A great variety of ventilating and cleaning apparatuses have long been available in the art, many of them principally for use in conjunction with a cooking apparatus, and for eliminating the generated fumes customarily arising from the same. Such apparatuses are shown in the United States patent to Sweet, et al, U.S. Pat. No. 3,837,269, and to Nett, U.S. Pat. No. 3,978,777. As can be seen, these apparatuses generally incorporate some form of an air hood that diverts the incoming air through a filter while capturing fumes within the course of their air flow for eventual exhausting of the combination to the atmosphere. One concern with these type of ventilators is that they usually consume too much of the tempered air to operate effectively.

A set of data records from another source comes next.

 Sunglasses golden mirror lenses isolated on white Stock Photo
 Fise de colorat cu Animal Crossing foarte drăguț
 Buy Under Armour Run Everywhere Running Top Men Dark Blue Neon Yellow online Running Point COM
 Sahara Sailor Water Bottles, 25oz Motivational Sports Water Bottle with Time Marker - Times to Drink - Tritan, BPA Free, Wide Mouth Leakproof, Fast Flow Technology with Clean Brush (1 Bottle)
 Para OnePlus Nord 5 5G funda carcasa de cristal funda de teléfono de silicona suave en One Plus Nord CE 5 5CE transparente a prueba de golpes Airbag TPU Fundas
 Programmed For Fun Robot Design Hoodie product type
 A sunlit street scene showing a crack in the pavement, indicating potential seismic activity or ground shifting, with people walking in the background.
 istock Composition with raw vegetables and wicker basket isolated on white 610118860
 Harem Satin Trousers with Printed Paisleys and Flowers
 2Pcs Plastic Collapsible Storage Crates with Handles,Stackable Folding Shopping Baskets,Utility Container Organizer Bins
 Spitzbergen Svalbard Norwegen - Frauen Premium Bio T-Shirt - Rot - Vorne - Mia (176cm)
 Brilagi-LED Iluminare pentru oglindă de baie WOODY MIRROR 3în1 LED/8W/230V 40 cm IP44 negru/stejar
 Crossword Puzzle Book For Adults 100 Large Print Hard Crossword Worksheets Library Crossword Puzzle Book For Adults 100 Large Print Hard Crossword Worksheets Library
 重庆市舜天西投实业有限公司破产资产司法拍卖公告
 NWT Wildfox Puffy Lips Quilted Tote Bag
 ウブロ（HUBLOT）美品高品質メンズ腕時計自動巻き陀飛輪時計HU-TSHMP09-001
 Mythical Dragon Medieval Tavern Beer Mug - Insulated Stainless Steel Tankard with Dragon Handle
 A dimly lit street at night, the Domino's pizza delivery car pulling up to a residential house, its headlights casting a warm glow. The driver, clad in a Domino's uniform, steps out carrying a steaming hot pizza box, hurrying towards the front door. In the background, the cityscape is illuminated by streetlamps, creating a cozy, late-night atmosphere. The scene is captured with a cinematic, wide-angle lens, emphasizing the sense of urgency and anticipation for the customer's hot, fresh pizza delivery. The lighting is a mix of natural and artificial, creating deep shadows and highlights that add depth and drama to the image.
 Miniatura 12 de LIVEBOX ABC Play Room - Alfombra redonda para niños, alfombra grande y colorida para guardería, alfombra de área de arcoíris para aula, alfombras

The United States patent to De Rosa, U.S. Pat. No. 3,285,154, discloses a ventilating hood wherein all of the incoming air is diverted directly downwardly, and with the exhaust conduit being arranged forwardly thereof, operates to absorb both the incoming air and previously tempered air within the room, for exhausting to the atmosphere, and thereby adding to the cost for operation of the shown assembly.
The U.S. Pat. Nos. to Kuechler, 3,664,255, and 3,943,836, disclose another form of a smoke hood, of the vortex-type, and these styles of hoods are designed for causing a swirling action for the flow of air venting the hood, and which supposedly has a tendency to entrain the cooking fumes within the vortex by way of exhausting. But, once again, the operations of such a device are generally less efficient in causing grease accumulation on the filter and the immediate area due to the continuous air swirling pattern. In addition, it is necessary that the blowers of much greater capacity than customarily used must be operatively associated within the respective supply inlets and exhaust outlets for such hoods.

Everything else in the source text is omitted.